= Ramadan in France =

Religious observance in France

Ramadan in France is a significant religious and cultural observance, combining Islamic traditions with Western cultural practices. France is home to one of the largest Muslim populations in Europe, estimated between 6.8 and 9 million people (10–13% of the population), predominantly Sunni of Maghrebi origin.

==Observance==
The start and end of Ramadan in France are determined by lunar observation, as in other Muslim-majority countries, often announced by Islamic organizations such as the French Council of the Muslim Faith (CFCM) and the Grand Mosque of Paris.

During this holy month, Muslims abstain from food, drink, and other physical needs from dawn to sunset, engaging in additional prayers and charitable activities.

Ramadan also serves as a communal observance. Participants engage in nightly prayers (Taraweeh) and Quran recitation. Each day concludes with Iftar, the meal breaking the fast, bringing together families and communities.

==Community engagement and charity==
Public events such as the Paris Ramadan Festival facilitate interfaith dialogue and cultural exchange.

A central practice during Ramadan is Zakat al-Fitr, a compulsory charity given before Eid al-Fitr, the festival marking the end of fasting.
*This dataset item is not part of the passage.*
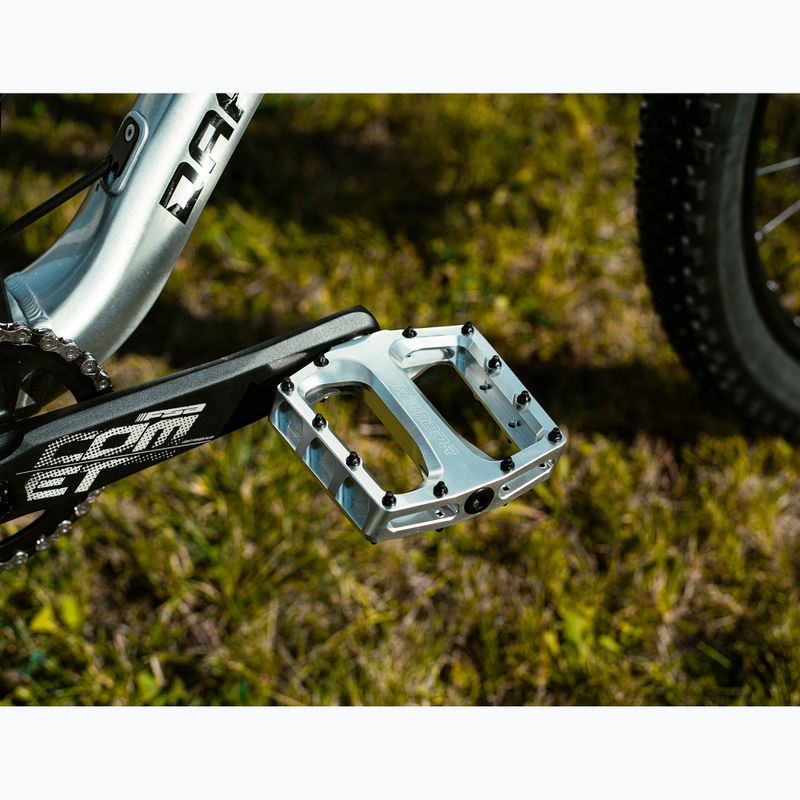 Bike pedals Dartmoor Thunder mirror silver 4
Mosques and Islamic organizations in France play a key role in collecting and distributing donations. Volunteer initiatives, including food drives and free Iftar meals, foster solidarity across socioeconomic divides.

==Challenges and controversies==
Ramadan observance in France intersects with the country's strict secular policies, creating challenges.
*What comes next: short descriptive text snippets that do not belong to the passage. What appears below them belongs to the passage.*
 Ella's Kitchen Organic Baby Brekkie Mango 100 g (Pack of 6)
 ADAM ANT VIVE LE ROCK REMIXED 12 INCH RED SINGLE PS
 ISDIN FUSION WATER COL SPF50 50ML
In 2024, the French Football Federation (FFF) faced criticism over policies perceived as limiting support for Muslim players observing Ramadan, sparking debates on religious freedom and discrimination.

In 2023, reports highlighted violations of secular rules in schools, with students and staff openly practicing religious observances. Government scrutiny increased, and in some cases disciplinary measures were applied.

Despite diplomatic tensions, the French government continued to issue visas to Algerian imams to lead Ramadan prayers.

Islamophobic incidents, including mosque vandalism and restrictions on hijab wearing, have increased, framed by debates on secularism.

Moon-sighting disputes occur as some communities follow their countries of origin, resulting in variations in Ramadan observance.